CBS’ New Video Print Ad Misses an Opportunity

As TheWrap reported earlier today, CBS has unveiled what it’s calling the first use of video in a print ad, one that will be inserted into an undetermined amount of copies of Entertainment Weekly next month.

 

I’ve toyed around with the ad, and it’s relatively cool, as far as these things go — though I doubt it will impress anyone with a video-enabled iPod or iPhone. There are no playback options (though you can pause), no headphone jack, and the volume is set high enough to annoy fellow travelers using public transportation.

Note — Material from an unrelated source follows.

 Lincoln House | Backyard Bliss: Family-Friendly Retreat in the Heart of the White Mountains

The impressive thing — unlike, say, Esquire’s overhyped e-ink cover — is how much video they managed to fit on a "paper thin" video player — 40 minutes – with a battery life said to be four-to-five hours and rechargeable through a USB port.

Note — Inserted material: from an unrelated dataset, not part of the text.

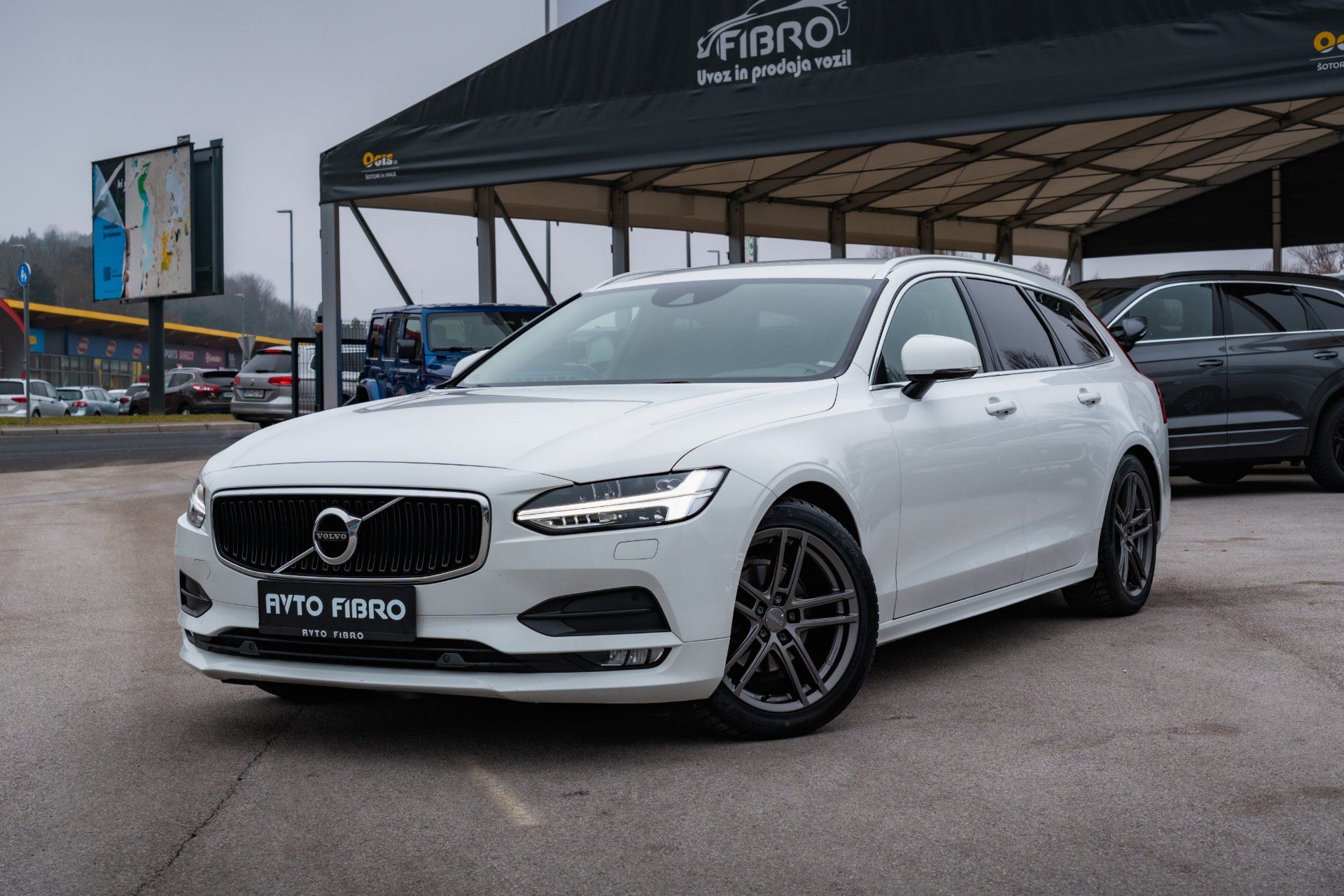 Volvo V90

(About that "paper thin" claim — um, no. "Cardboard-thin" would’ve been more accurate.)

It’s also where they missed an opportunity – that is, to put an entire episode of one of these shows on the player. At the sitcom-length of 22 minutes (without commercials) CBS could’ve put the premiere of “How I Met Your Mother,” or even last season’s finale, on there, with 18 minutes of fall previews and Pepsi spots to spare.

At the breakfast unveiling, held in the CBS board room in midtown Manhattan, I asked George Schweitzer, president of the CBS marketing group, if that was ever discussed. “We talked about it,” he said. “But no one wants to watch an entire show like that.”

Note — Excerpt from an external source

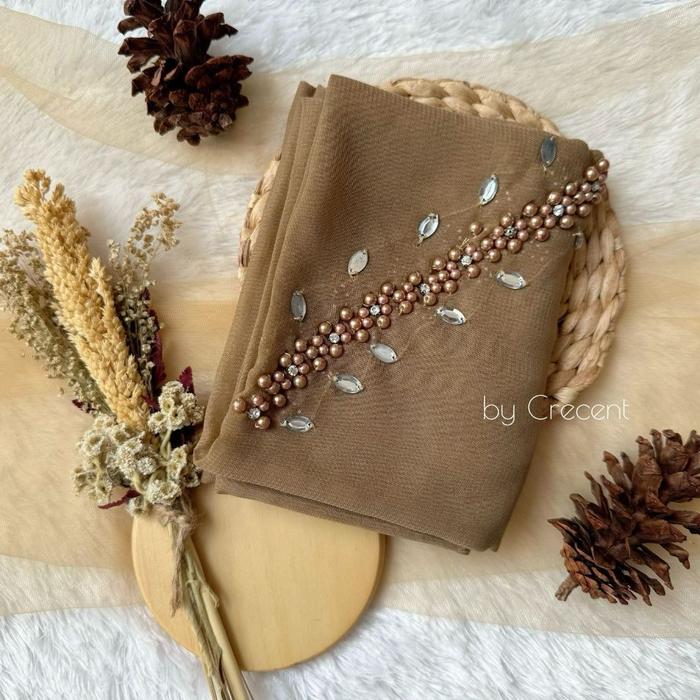 Hijab Jilbab Kerudung Segi Empat Potongan Lasercut Payet Borci Daun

Video iPod users might disagree.

The goal of the ad, Schweitzer added, isn’t necessarily to get more people to watch its programming.

"There’s no way to measure ‘see the chip-watch the show-get the rating,’" he said. "It’s the cumulative effect."

Frank Cooper, chief marketing officer at Pepsi-Cola North America, said they’ll monitor the “buzz-building” to determine the success of the campaign.

Buzz, at least marginally, shouldn’t be a problem. Esquire’s e-ink cover spawned waves of praise, criticism and, as evidenced by dozens of YouTube videos, interest from the hacker community.